(JTA) — In Sheldon Oberman’s children’s book “The Always Prayer Shawl,” a grandfather passes on his tallit to his grandson along with the sage advice, “Some things change and some things don’t.” At public readings, Oberman wore his grandfather’s tallit, which had inspired the story. When a non-Jewish author told him that she wished she could tell stories the way he did, he placed the tallit on her shoulders and told her, “You can! You can do it.”
This story illustrates how religion functions in complex ways in the lives of North American Jews. Was Oberman’s tallit a religious object? Was he using it in religious ways?
The new study of American Jews by the Pew Research Center, too, reflects the complicated and often contradictory ways that Jews employ the concept of “religion” as well as the way “some things change and some things don’t” in both American Jews’ practices and sociological studies of them. Like the 2013 Pew study of American Jews, “Jewish Americans in 2020” divides Jews into “Jews by religion” and “Jews of no religion.” Jews by religion say their current religion is Jewish. According to Pew, 27% Jewish adults do not identify their religion as Jewish but consider themselves Jewish ethnically, culturally or by family background.

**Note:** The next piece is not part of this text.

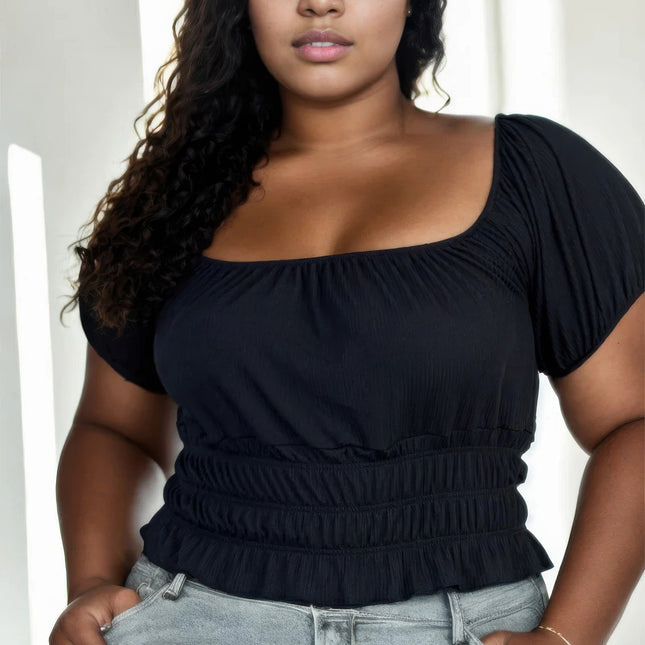 Plus size casual ruched puff sleeve ribbed knit solid top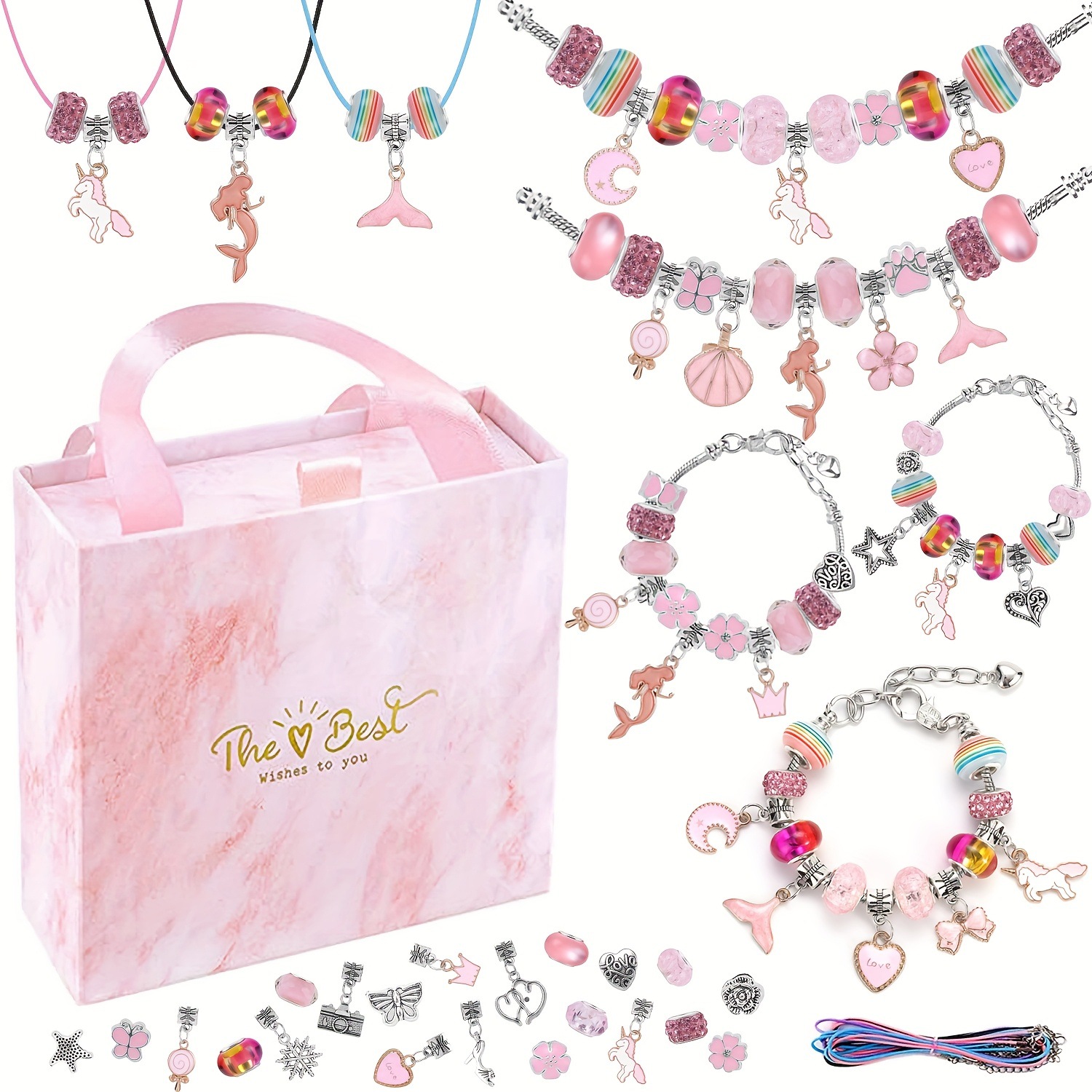 67PCS Pink DIY Charm Necklace & Bracelet Making Kit - Creative Jewelry Craft Set with Colorful Drip Oil Pendants & Metal Beads - Image 1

Among Jews 18-29, that number rises to 40%, twice that of Jews ages 50-64.
Some may wring their hands over what they see as dwindling participation in Judaism as a religion, as commentators did after the last survey. But what I see in this survey is evidence of the innovative and ever-changing ways Jewish religion is practiced, not grounds for panic.
Although the authors inform us “religion is not central to the lives of most U.S. Jews,” the concept of religion, as most Americans use it today, is a modern, Protestant creation, and Jewish practices fit uncomfortably in the category. Despite the best efforts of Jewish thinkers to separate religious and cultural aspects of Jewish practice, the boundaries have never been clear. Traditional understandings of “religion” have rested uneasily with Jewish realities, which have a greater focus on communities and practices. Only 20% of survey respondents said that their “religious faith” provides a great deal of meaning and fulfillment, perhaps because American Jews rarely use the language of faith.
Read more about what the 2020 Pew study reveals about American Jews.
But the study does reveal the many ways that American Jews of all kinds create Jewish meaning in their lives. These include practices traditionally understood as religious, such as attending a seder (62%), and those understood as cultural, such as cooking or eating traditional Jewish foods (72%).
In my book, “Beyond the Synagogue: Jewish Nostalgia as Religious Practice,” I argue that making sense of Jews’ practices requires us to employ a broader definition of religion. Following religious studies scholar Robert Orsi, I think religion is best understood as meaningful relationships and the practices, narratives and emotions that create and support these relationships. Understanding religion as relationships makes our interactions with families, our attachments to our ancestors, our connections to communities and the narratives we use to explain our place in the world central to religious activity. It lets us see Jewish religion flourishing in a wide variety of practices and in unexpected sites — in ways that its practitioners might not themselves identify as “religious” because of the way religion is so often narrowly construed.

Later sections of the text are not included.